To confuse matters there is a brand of vermouth called Martini. This may or may not have been the source of the lower-initial-cap cocktail’s name.
I’m thirsty.
Before getting too carried away (from under the table?) let’s look at some of the mathematics of the martini.
It is the best of drinks and the worst of drinks.
The best is clear. But why the worst? It is because it is so depressing drinking one. Not because of the depressive effects of alcohol but because of the shape of the glass. I shall explain. But first a question.
The classic martini glass is cone shaped. Suppose you have a generous bartender who fills your glass to the brim. You sip. Before you know it the martini is half way down the glass. How much drink is then left?
This is where you get to think like a mathematician. Although that is rarely so depressing as here.
The martini glass is a cone. To mathematicians the cone is a three-dimensional (although this can be generalised) body having a horizontal cross section that is the same shape at any position and where the size, say diameter, of that shape increases linearly with the height of the cross section. We think of the cone having circular cross sections. But that need not be the case. The Egyptian pyramids are also cones.
The bottom half, or any fraction, of the martini glass is therefore the same shape, technically “similar,” to the whole martini glass. This wouldn’t be true of, say, a champagne flute. The bottom of the flute is flattish, but higher up the sides are steep. The sides of the martini glass are always the same angle from bottom to the rim. And it doesn’t matter what that angle is, as long as it’s the same all the way up.

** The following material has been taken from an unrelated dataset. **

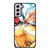 ONE PUNCH MAN SAITAMA SERIOUS Samsung Galaxy S21 FE Case Cover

This means that the relationship between the volume of the liquid and its depth is very simple. You just take the fraction of the height of the level of the liquid to the depth of the original and then raise that to the power of three. Why three? Because we are working in three dimensions.
This means that if we are already (so soon?) half way down then the remaining volume is one eighth of what we started with.
You see why that is depressing. Most people when asked about this will say something like, oh there’s about one third left. But, no, it’s far worse than that.
I hope I haven’t spoiled your drink. Don’t be like me. As I see the level falling I am continually in advance thinking about how little is left. No wonder I have to order a second.
Oh, and avoid olives, they make the mathematics even more depressing, large olives, less alcohol.
There are many quotes by famous people about problems being opportunities.
“The block of granite which was an obstacle in the pathway of the weak, became a stepping-stone in the pathway of the strong.” Thomas Carlyle.
“Every problem is an opportunity in disguise.” John Adams.
“Never let a good crisis go to waste.” Attributed to many.
All sensible and inspirational twists on setback.
We are going to apply a similar twist to rather gross facts. And in so doing highlight how mathematics can be used to frighten the unsuspecting.
Did you know that one in six mobile phones are contaminated with faecal matter? And cell phones carry ten times as many bacteria as toilet seats? Forty percent of office coffee mugs contain coliform bacteria, found in faeces. Forty percent! It gets worse. It is estimated that there is faecal matter on 72% of shopping carts. And shoes? Don’t go there.
Boy, how those numbers frighten us!
And those numbers also sell cleaning products. (Oh, sponges are about the most contaminated things there are.) And newspapers and magazines.
But we are looking at those numbers the wrong way. It’s the old problem/opportunity thing in disguise.
Have you used your cell phone today? Yes. Had a coffee in an office mug? Indeed. Worn shoes perhaps? Check. And are you currently ill? Me neither.
What’s the correct conclusion from the data then?
In the famous words of Corporal Jones, “Don’t panic!” As long as people’s health doesn’t get any worse then generally speaking the more germs there are the better. It simply mean that those germs aren’t as bad as their PR makes out.